## EXERCISE OBJECTIVE
Write out the lines of the material below exactly, beginning at the line with "Canon EOS 50D" and stopping after the line with "筋肉の材料となるたんぱく質を摂取する", and leave out the pictures.

## DATASET RECORDS
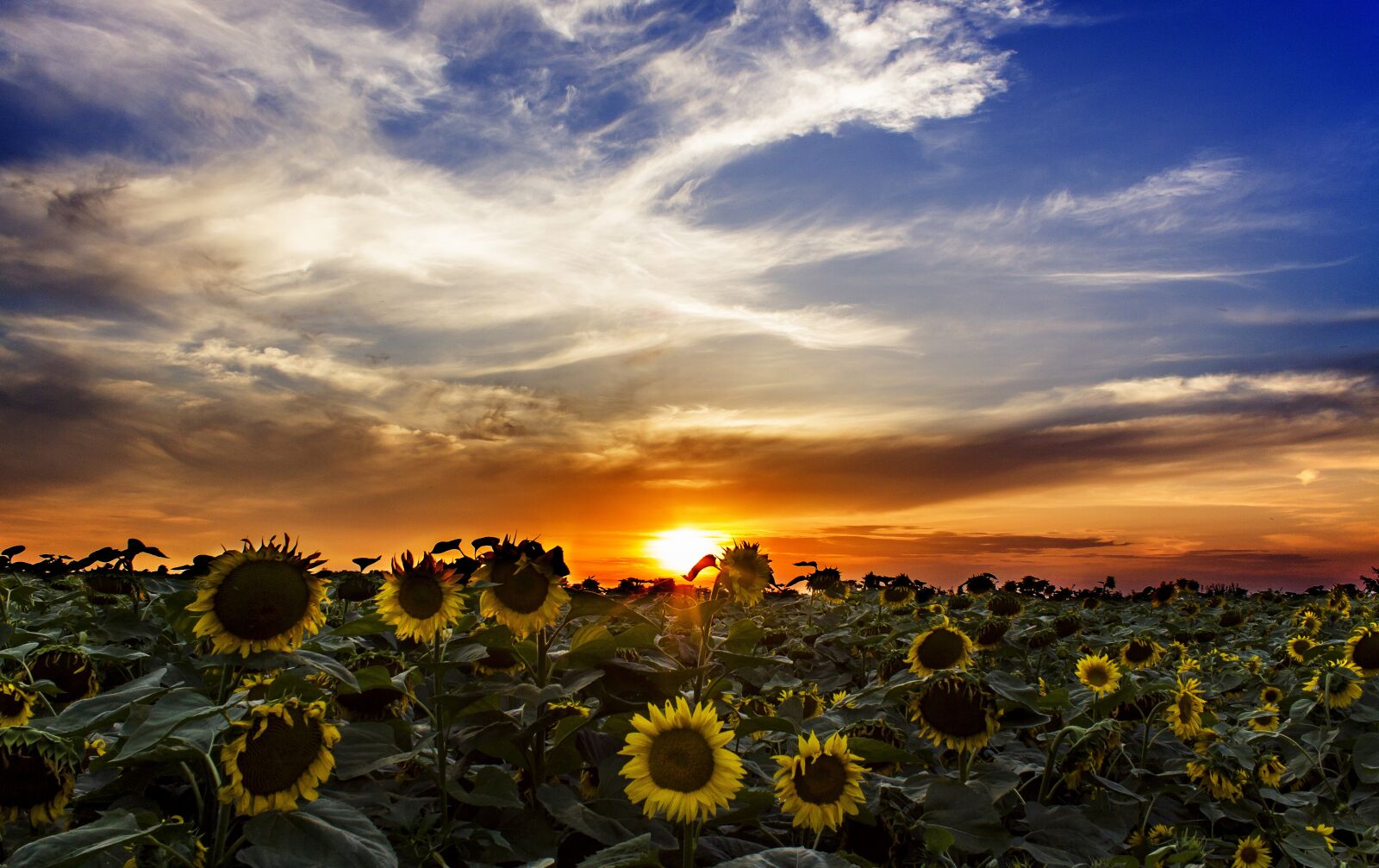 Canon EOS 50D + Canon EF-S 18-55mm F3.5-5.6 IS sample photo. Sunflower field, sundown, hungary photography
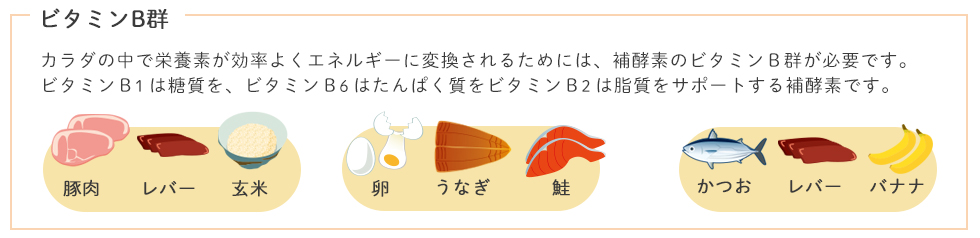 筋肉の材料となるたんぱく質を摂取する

* * *

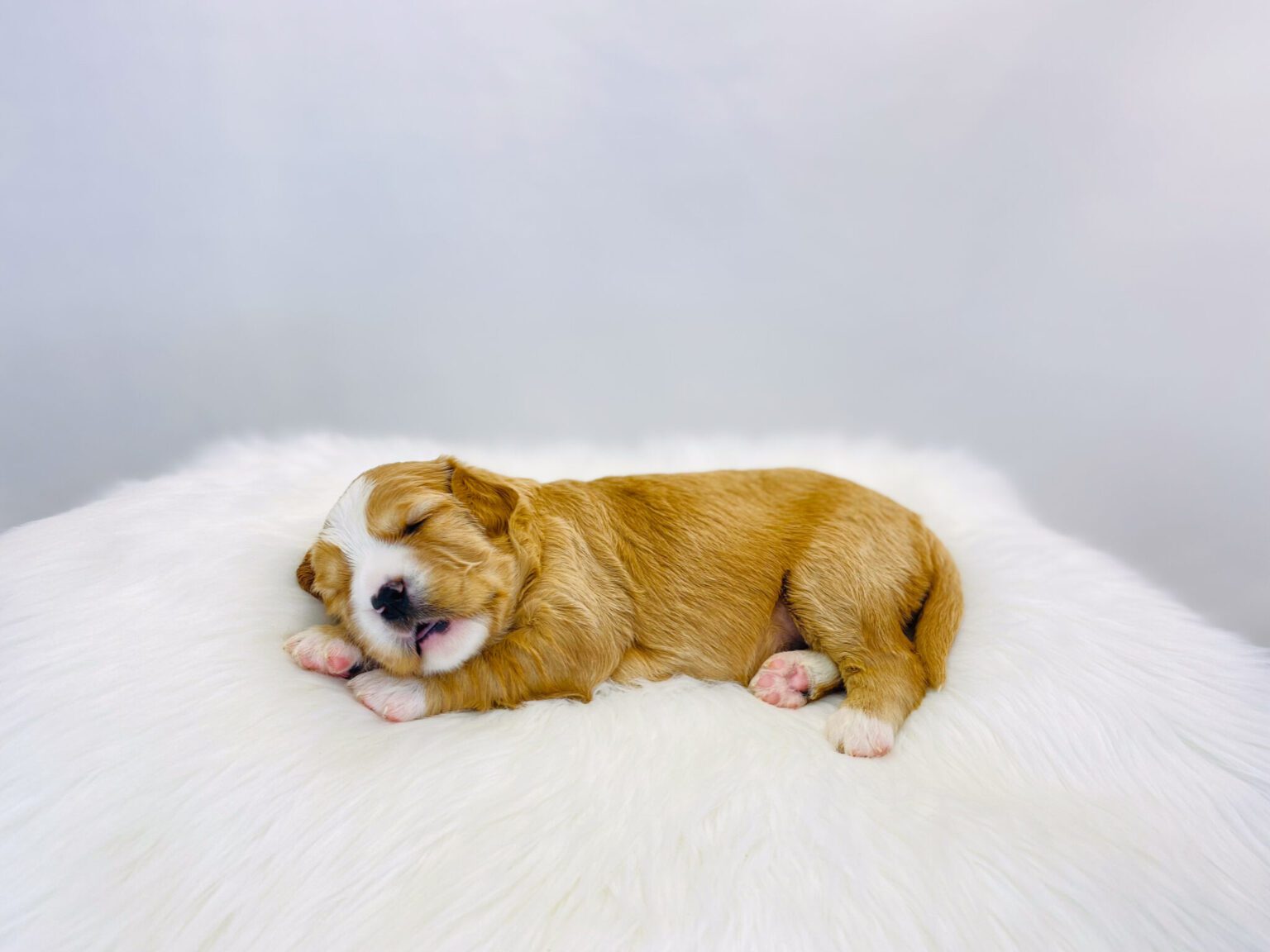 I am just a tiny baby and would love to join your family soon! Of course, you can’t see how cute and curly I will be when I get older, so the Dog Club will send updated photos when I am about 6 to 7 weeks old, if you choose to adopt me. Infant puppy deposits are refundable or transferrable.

---

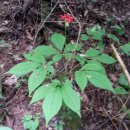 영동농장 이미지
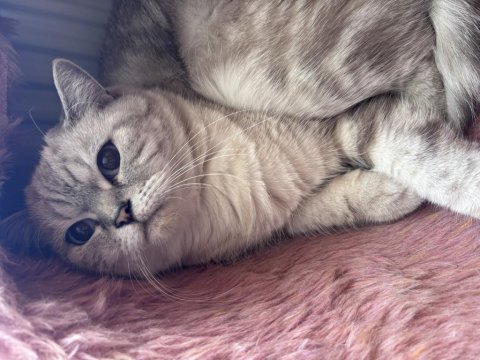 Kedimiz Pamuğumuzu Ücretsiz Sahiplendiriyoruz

## YOUR RESPONSE
 Canon EOS 50D + Canon EF-S 18-55mm F3.5-5.6 IS sample photo. Sunflower field, sundown, hungary photography
 筋肉の材料となるたんぱく質を摂取する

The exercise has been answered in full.